Evan Longoria led off the fifth with a ground-rule double to center, then came around to score on Wil Myers‘ groundout.
Still, it could have been considerably worse for Doubront, whose ERA stands at 3.77 after the outing. The Rays left eight men on base and managed just two hits in seven at-bats with runners in scoring position in Doubront’s five innings.
Part of the escape act included an inning-ending double play off the bat of Myers, the Rays’ powerful rookie outfielder, in the third, as well as a 6-3 twin killing to erase a baserunner in the second.
— Fernando Rodney pitched a scoreless ninth to solidify the Tampa Bay win, but it wasn’t easy. Napoli came to the plate with two on and two out, and after going up 2-0 he struck out swinging to end it.
WHAT WENT RIGHT FOR THE RED SOX
— John Farrell‘s lineup tweaking paid off again. He gave Snyder the start at third over Jose Iglesias, and Snyder rewarded him by ringing a homer off the Pesky Pole in the sixth. Including last week’s game, it was the Sox’ first run and second hit in nine innings against Price.

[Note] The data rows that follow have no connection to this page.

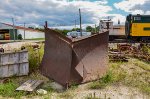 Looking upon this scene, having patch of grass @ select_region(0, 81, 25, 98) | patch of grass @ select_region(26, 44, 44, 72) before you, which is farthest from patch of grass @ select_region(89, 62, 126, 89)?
patch of grass @ select_region(26, 44, 44, 72)

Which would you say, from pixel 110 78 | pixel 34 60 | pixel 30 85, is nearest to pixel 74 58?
pixel 110 78

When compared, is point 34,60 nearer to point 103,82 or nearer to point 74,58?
point 74,58

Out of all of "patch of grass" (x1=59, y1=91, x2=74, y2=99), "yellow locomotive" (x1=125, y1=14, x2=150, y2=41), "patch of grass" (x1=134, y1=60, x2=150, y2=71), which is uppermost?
"yellow locomotive" (x1=125, y1=14, x2=150, y2=41)

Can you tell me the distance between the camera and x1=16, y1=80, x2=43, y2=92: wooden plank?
353 inches

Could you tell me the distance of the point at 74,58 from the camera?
31.1 feet

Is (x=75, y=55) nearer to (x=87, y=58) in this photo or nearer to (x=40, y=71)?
(x=87, y=58)

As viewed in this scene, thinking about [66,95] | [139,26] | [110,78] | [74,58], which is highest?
[139,26]

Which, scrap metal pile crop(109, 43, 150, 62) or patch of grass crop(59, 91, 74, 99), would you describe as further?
scrap metal pile crop(109, 43, 150, 62)

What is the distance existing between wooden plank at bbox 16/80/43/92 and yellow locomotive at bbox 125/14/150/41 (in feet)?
79.0

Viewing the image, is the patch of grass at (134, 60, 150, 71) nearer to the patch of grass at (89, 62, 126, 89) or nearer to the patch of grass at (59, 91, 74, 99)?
the patch of grass at (89, 62, 126, 89)

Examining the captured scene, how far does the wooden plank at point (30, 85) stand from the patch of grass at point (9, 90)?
0.50 ft

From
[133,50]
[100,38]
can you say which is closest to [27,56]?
[100,38]

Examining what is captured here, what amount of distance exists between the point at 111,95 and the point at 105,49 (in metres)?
2.35

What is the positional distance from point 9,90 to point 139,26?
25.0m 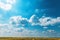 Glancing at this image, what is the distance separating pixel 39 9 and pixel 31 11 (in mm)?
144

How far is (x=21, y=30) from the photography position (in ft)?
10.1

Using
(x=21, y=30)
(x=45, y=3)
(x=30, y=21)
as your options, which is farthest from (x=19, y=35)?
(x=45, y=3)

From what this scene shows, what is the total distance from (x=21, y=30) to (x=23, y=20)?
0.18 metres

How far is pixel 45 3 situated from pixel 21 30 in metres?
0.63

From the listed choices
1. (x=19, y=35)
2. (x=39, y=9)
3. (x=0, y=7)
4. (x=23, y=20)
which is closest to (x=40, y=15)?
(x=39, y=9)

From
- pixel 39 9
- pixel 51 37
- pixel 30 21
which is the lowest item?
pixel 51 37

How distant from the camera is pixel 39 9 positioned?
10.2 ft

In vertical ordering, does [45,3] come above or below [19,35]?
above

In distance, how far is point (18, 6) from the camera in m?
3.10

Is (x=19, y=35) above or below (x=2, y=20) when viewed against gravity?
below

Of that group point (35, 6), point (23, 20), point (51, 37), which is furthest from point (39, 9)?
point (51, 37)

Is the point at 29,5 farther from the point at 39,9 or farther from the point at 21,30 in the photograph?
the point at 21,30

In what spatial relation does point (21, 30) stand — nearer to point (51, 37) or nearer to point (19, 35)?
point (19, 35)

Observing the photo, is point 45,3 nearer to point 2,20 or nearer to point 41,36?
point 41,36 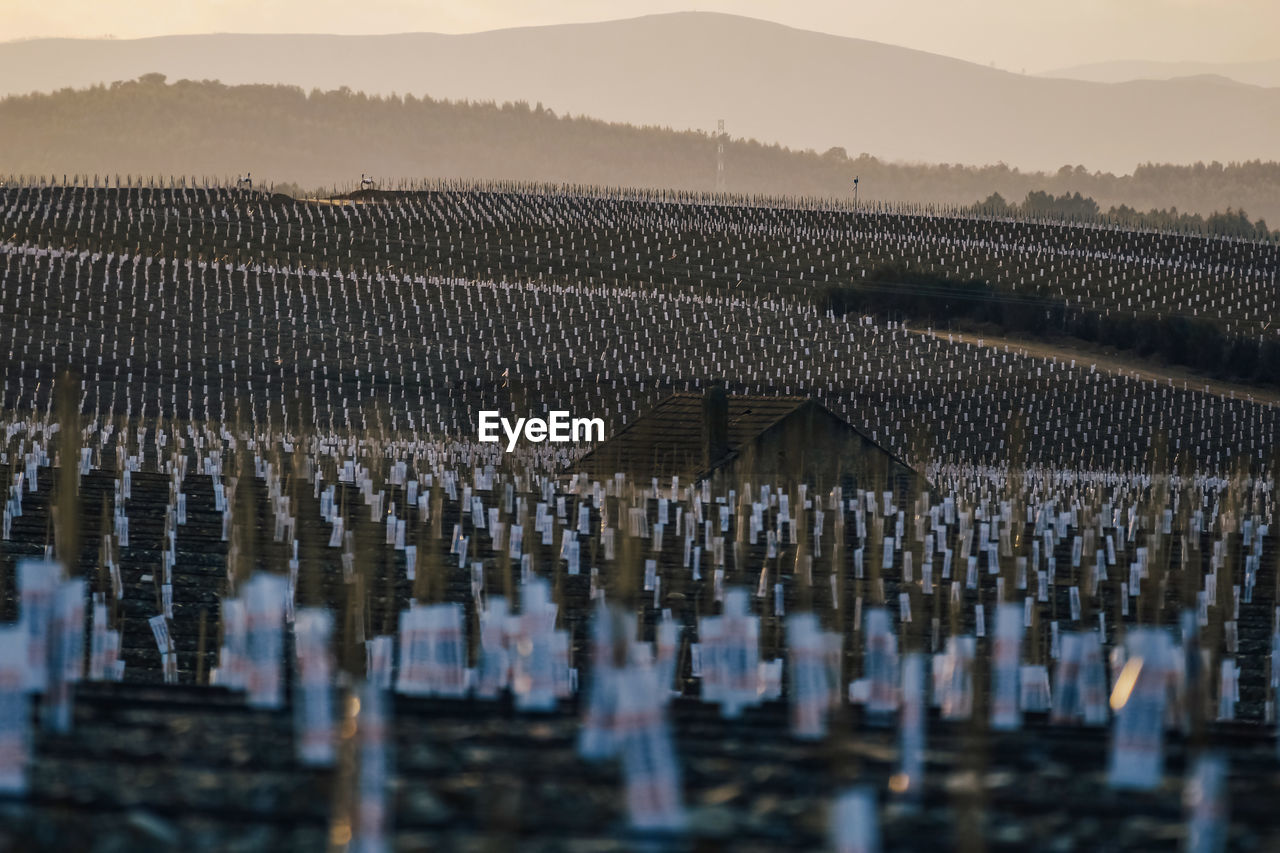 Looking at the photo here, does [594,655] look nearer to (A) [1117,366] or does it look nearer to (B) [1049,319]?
(A) [1117,366]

— A day after hitting his first left-field homer of the season, David Ortiz nearly did it again to lead off the second inning. He took a first-pitch fastball and sent it high off the Monster in left-center for a double, missing his 21st long ball by just a couple feet.
Ortiz also hammered the first pitch he saw in his second at bat, but it was right at first baseman James Loney.
— After Doubront exited, Jose De La Torre put on Molina (walk) and pinch-hitter Matt Joyce (single) to get into his own jam to open the sixth. The right-handed reliever, however, proceeded to strikeout the next three batters ‘ the top third of the order, consisting of Desmond Jennings, Longoria and Ben Zobrist, no less ‘ to keep the deficit at two.
Drake Britton followed suit when he inherited De La Torre’s runner ‘ a Myers walk ‘ in the seventh and needed just seven pitches to end the inning. He got Luke Scott to fly out and Escobar to ground into an around-the-horn double play, eliciting a big fist pump from the rookie lefty who has given up two hits and one walk in six scoreless innings to start his big league career.
The most recent of those innings came in the top of the eighth when Britton set the Rays down 1-2-3 with a pair of strikeouts.
— On a night when a threatening cloud provided a considerable amount of the excitement, a trio of Shane Victorino catches also served as a highlight. With two outs and runners on second and third in the fourth inning, Victorino made a running grab on a sinking liner to prevent further damage.
One inning later, the right fielder ran the opposite way to track down Loney’s shot before it fell and rolled to the corner. Victorino also robbed Scott of a homer in the fifth when, with his back against the short right-field wall, Scott’s long fly ball safely found Victorino’s glove.